Schirmer Melanie, D'Amore Rosalinda, Ijaz Umer Z, Hall Neil, Quince Christopher
The Broad Institute of MIT and Harvard, 415 Main Street, Cambridge, MA 02142, USA.
Harvard T.H. Chan School of Public Health, 655 Huntington Ave, Boston, MA 02115, USA.
BMC Bioinformatics. 2016 Mar 11;17:125. doi: 10.1186/s12859-016-0976-y.
Illumina's sequencing platforms are currently the most utilised sequencing systems worldwide. The technology has rapidly evolved over recent years and provides high throughput at low costs with increasing read-lengths and true paired-end reads. However, data from any sequencing technology contains noise and our understanding of the peculiarities and sequencing errors encountered in Illumina data has lagged behind this rapid development.
We conducted a systematic investigation of errors and biases in Illumina data based on the largest collection of in vitro metagenomic data sets to date. We evaluated the Genome Analyzer II, HiSeq and MiSeq and tested state-of-the-art low input library preparation methods. Analysing in vitro metagenomic sequencing data allowed us to determine biases directly associated with the actual sequencing process. The position- and nucleotide-specific analysis revealed a substantial bias related to motifs (3mers preceding errors) ending in "GG". On average the top three motifs were linked to 16 % of all substitution errors. Furthermore, a preferential incorporation of ddGTPs was recorded. We hypothesise that all of these biases are related to the engineered polymerase and ddNTPs which are intrinsic to any sequencing-by-synthesis method. We show that quality-score-based error removal strategies can on average remove 69 % of the substitution errors - however, the motif-bias remains.
Single-nucleotide polymorphism changes in bacterial genomes can cause significant changes in phenotype, including antibiotic resistance and virulence, detecting them within metagenomes is therefore vital. Current error removal techniques are not designed to target the peculiarities encountered in Illumina sequencing data and other sequencing-by-synthesis methods, causing biases to persist and potentially affect any conclusions drawn from the data. In order to develop effective diagnostic and therapeutic approaches we need to be able to identify systematic sequencing errors and distinguish these errors from true genetic variation.
Illumina的测序平台是目前全球使用最广泛的测序系统。近年来,该技术迅速发展,能够以低成本实现高通量测序,同时读长不断增加,真正的双端测序也得以实现。然而,任何测序技术产生的数据都包含噪声,我们对Illumina数据中出现的特性和测序错误的理解,却落后于这一快速发展的技术。

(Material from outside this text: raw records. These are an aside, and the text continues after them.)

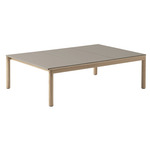 Couple Coffee Table - Oak / Plain Taupe
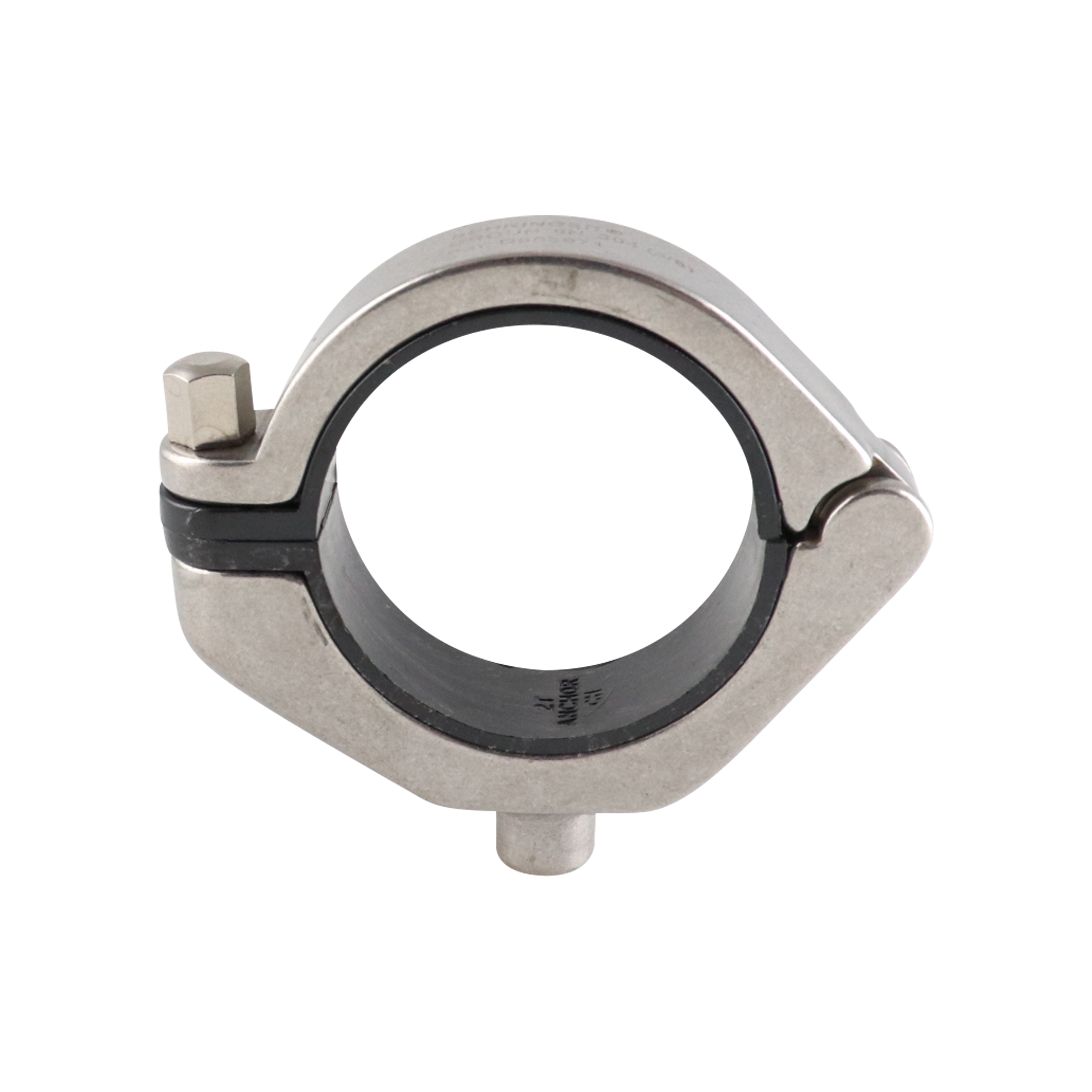 hanger CH for 2-inch tube with 3/8-inch threaded anchor and black insert, made from 304 stainless steel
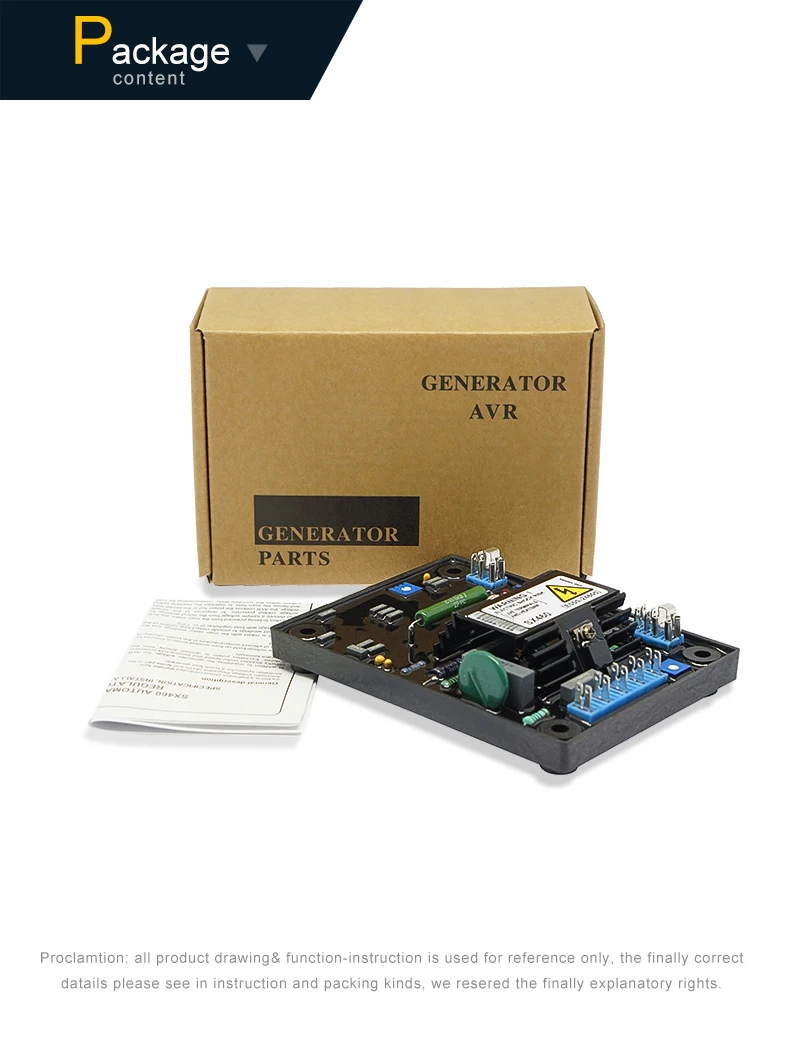 Generator Automatic Voltage Regulator Stamford AVR SX460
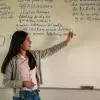 Mariel Quintero, alumna de Prepa TEC Zacatecas asiste a uno de los entrenamientos de matemáticas.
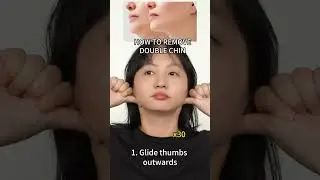 Massage for double chin #doublechin #doublechinreduction #jawline #massage #faceyoga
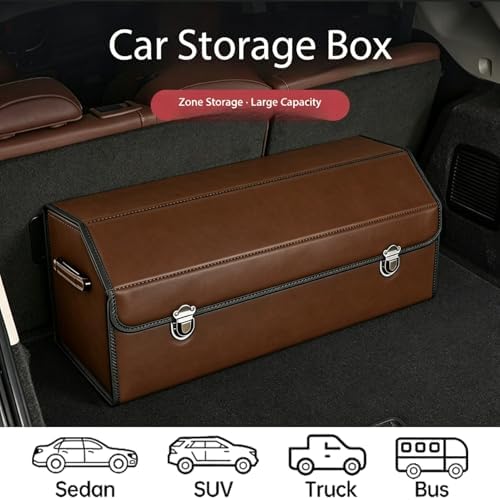Leather Storage Box Car Trunk Organizer - Image 3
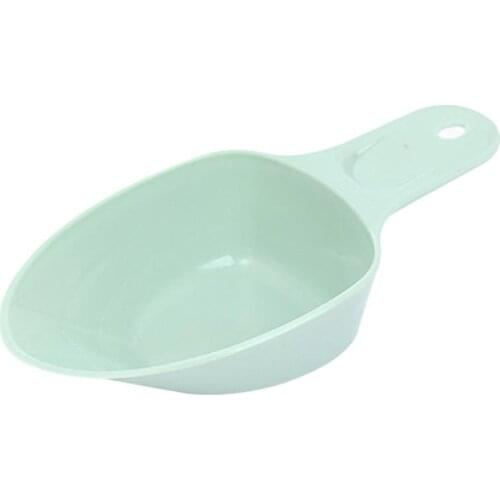 1Pc Blue/Orange/Green/Black Pet Feeding Shovel Cat Food Scoop Large Capacity Thickening Cat Dog Spoon Plastic Shovel Pet Feeder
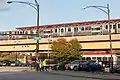 Vue sur la station Cermak-Chinatown.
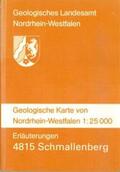 Thome |  Geologische Karten von Nordrhein-Westfalen 1:25000 / Schmallenberg | Buch |  Sack Fachmedien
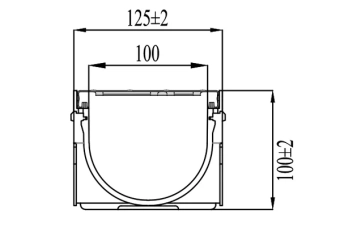 Лоток водоотводный S'PARK3 DN100 (1000x130x100) с решеткой стальной оцинкованной, класс А15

我们基于迄今为止最大规模的体外宏基因组数据集,对Illumina数据中的错误和偏差进行了系统研究。我们评估了Genome Analyzer II、HiSeq和MiSeq,并测试了最先进的低输入文库制备方法。分析体外宏基因组测序数据使我们能够直接确定与实际测序过程相关的偏差。位置和核苷酸特异性分析揭示了与以“GG”结尾的基序(错误前的三联体)相关的显著偏差。平均而言,排名前三的基序与所有替换错误的16%相关。此外,还记录到ddGTP的优先掺入。我们推测所有这些偏差都与工程化聚合酶和ddNTPs有关,而它们是任何合成测序方法所固有的。我们表明,基于质量评分的错误去除策略平均可以去除69%的替换错误——然而,基序偏差仍然存在。
细菌基因组中的单核苷酸多态性变化可导致表型的显著变化,包括抗生素抗性和毒力,因此在宏基因组中检测这些变化至关重要。当前的错误去除技术并非针对Illumina测序数据及其他合成测序方法中出现的特性而设计,导致偏差持续存在,并可能影响从数据中得出的任何结论。为了开发有效的诊断和治疗方法我们需要能够识别系统的测序错误,并将这些错误与真正的基因变异区分开来。